L'entrepreneur peut-il suspendre les travaux s'il a des doutes sur la qualité des travaux préalables ?
Oui, l'entrepreneur peut suspendre les travaux s'il a des doutes légitimes sur la qualité des travaux préalables nécessaires à l'exécution de sa mission. Dans ce cas, il a demandé une attestation de conformité au maçon, et après l'avoir obtenue, il a repris les travaux. Cependant, la suspension ultérieure a été jugée justifiée car les maîtres d'ouvrage n'ont pas fourni les garanties nécessaires.
Que deviennent les acomptes versés si le contrat est résilié ?
En cas de résolution du contrat aux torts du maître d'ouvrage, l'entrepreneur peut conserver les acomptes à titre de dommages-intérêts pour le préjudice subi. Dans cette affaire, l'entrepreneur a conservé 10 442 euros, correspondant à la différence entre les acomptes reçus et la valeur des prestations réalisées.
Puis-je obtenir des dommages-intérêts pour préjudice moral en cas de rupture abusive ?
Oui, si la rupture du contrat est abusive, la partie victime peut obtenir des dommages-intérêts pour préjudice moral. Dans cette affaire, l'entrepreneur a obtenu 1 000 euros pour le préjudice moral subi en raison de la rupture abusive du contrat par les maîtres d'ouvrage.
Quelle est la différence entre résolution et résiliation du contrat ?
La résolution du contrat est l'annulation rétroactive du contrat en raison d'une inexécution, tandis que la résiliation est la cessation du contrat pour l'avenir.
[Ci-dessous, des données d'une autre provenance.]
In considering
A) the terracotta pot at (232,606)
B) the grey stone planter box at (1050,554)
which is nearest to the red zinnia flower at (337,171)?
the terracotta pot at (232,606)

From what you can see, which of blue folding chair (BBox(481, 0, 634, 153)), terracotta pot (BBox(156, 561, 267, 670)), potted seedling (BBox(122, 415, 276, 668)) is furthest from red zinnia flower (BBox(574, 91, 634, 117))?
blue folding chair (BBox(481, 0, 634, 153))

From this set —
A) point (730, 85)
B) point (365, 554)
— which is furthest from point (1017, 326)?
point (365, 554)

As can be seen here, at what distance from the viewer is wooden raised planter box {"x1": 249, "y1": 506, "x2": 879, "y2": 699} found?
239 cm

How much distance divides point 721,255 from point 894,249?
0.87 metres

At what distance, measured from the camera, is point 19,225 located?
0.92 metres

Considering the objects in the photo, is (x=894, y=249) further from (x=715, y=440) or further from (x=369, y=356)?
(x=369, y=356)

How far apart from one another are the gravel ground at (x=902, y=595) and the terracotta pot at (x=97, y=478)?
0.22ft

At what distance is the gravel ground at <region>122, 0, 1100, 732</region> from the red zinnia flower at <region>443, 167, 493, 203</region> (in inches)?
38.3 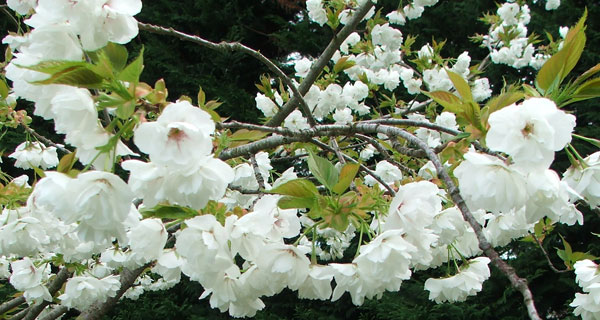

Dans cette affaire, le tribunal a prononcé la résolution du contrat d'entreprise, ce qui signifie que le contrat est considéré comme n'ayant jamais existé, avec des conséquences sur les sommes versées.
Que faire si l'entrepreneur arrête le chantier en raison de la qualité des travaux d'un autre prestataire ?
Si l'entrepreneur arrête le chantier en raison de doutes sur la qualité des travaux d'un autre prestataire, il doit en informer le maître d'ouvrage et demander des garanties. Si le maître d'ouvrage ne fournit pas ces garanties, l'entrepreneur peut suspendre les travaux et, en cas de litige, le tribunal peut prononcer la résolution du contrat aux torts du maître d'ouvrage, comme dans cette affaire.